'It's always been the case that it's been hard to win in India. But that's the expectation and we've got a couple of years now to find that maturity.'
It's still a good two years away, but Australia coach Justin Langer says he has started building a battle-hardened and mature squad that would be able to challenge a formidable-at-home India in the 2022 Test series.
Langer, who took over as Australia coach in May 2018 soon after the ball-tampering episode in South Africa, has closely observed India dominating at home in the longest format with a goal in mind -- to have a squad mature enough to combat the world No. 1 Test team.
Kohli's men registered a record-breaking 11th home series win on the trot when they defeated South Africa last month at home.

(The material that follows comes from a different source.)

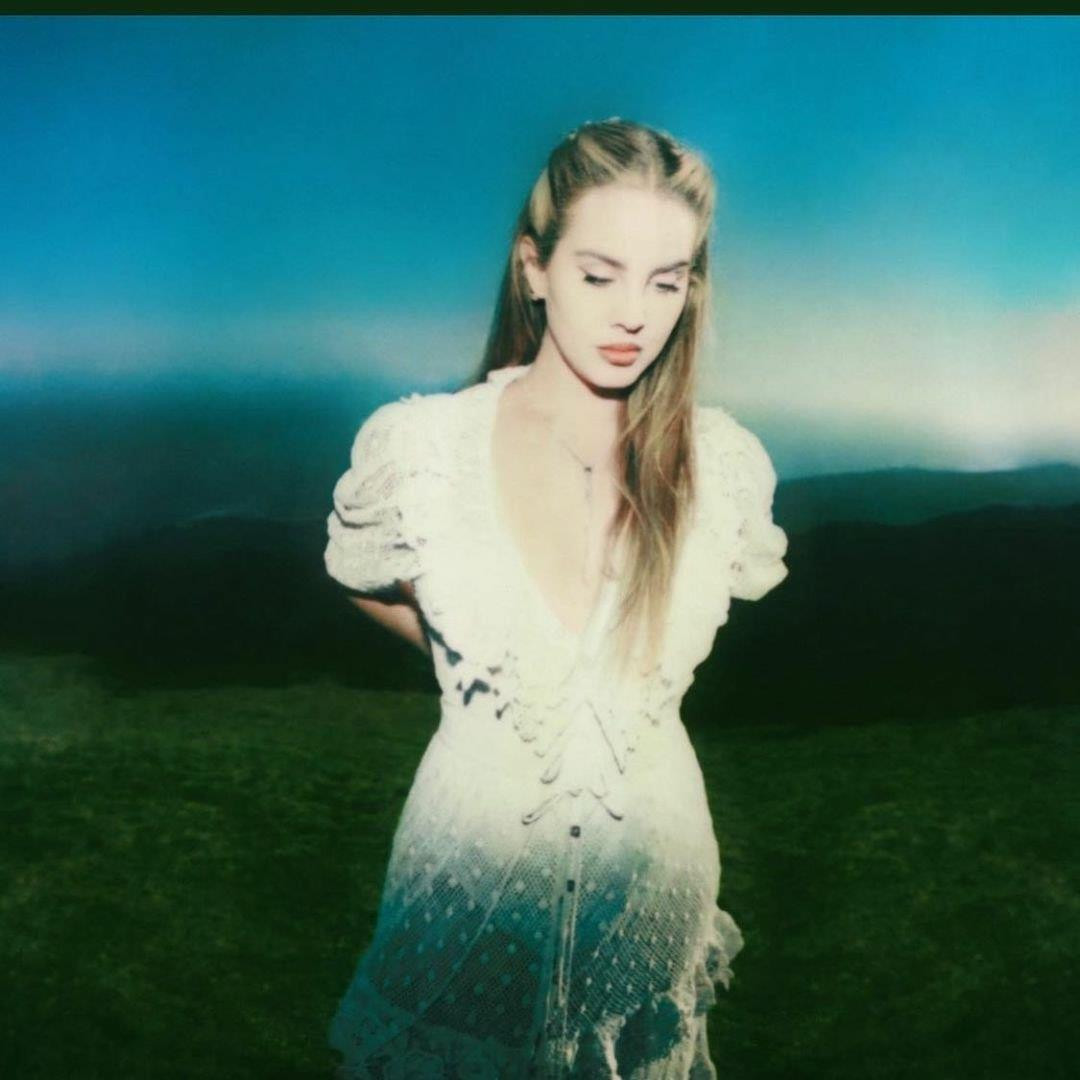 Hãy đội mũ bảo hiểm khi xem MV mới của Lana Del Rey: Bẻ lái cực gắt khiến fan “hết hồn” ảnh 2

"It reminds me of how hard it is, that's for sure," Langer told ESPNcricinfo.
"It's always been the case that it's been hard to win in India. But that's the expectation and we've got a couple of years now to find that maturity. I'm talking about, to be nice and battle hardened and as ready as possible for that series," he said.

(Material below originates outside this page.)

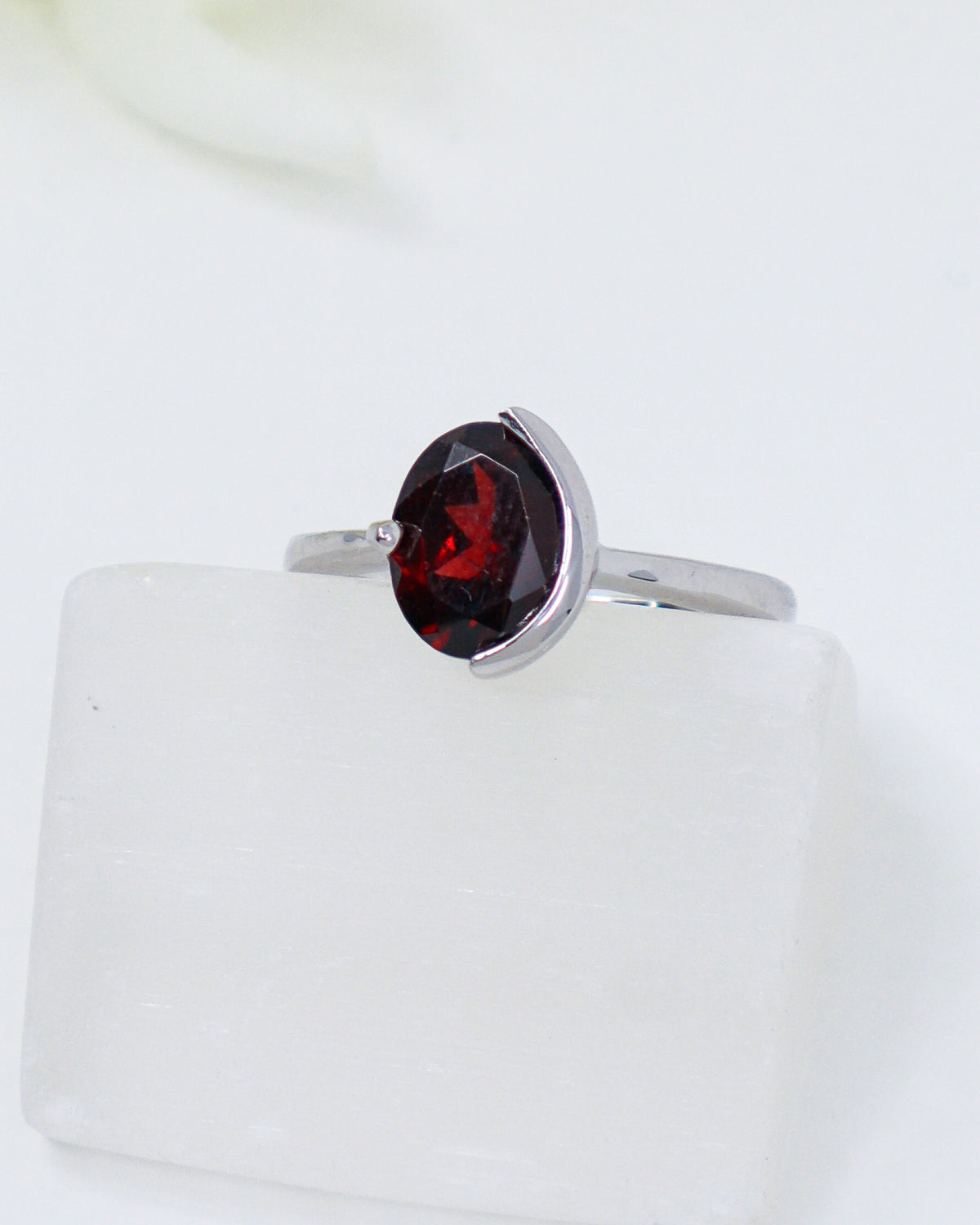 Garnet Sterling Silver Ring – Inner Flame | Size 7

The 2022 series between the arch-rivals will be held between September and November and include four Tests and three T20 Internationals as per the current Future Tours Program.
Langer had spoken about the ultimate goal of defeating India in India when he was appointed Australia coach.
"If I fast forward it, the Indian tour against India, the Test tour in three or four years' time, to me that's the ultimate. We will judge ourselves as a great cricket team if we beat India in India," he had said.
Since the 48-year-old has taken over, Australia has had an inconsistent run. They lost a home series to India before defeating Sri Lanka but just about managed to retain the Ashes after drawing the engagement in England earlier this year.
"I think it was an indication of the maturity of our team. I don't mean maturity in age but coming together as a group, it takes great skill but it takes time, great mental toughness and endurance, to be able to back it up over and over again," he said.
"When you're going through it, you'd love to see more of that consistency, but I look at it from a bigger picture point of view, it means we've got areas we can keep getting better in."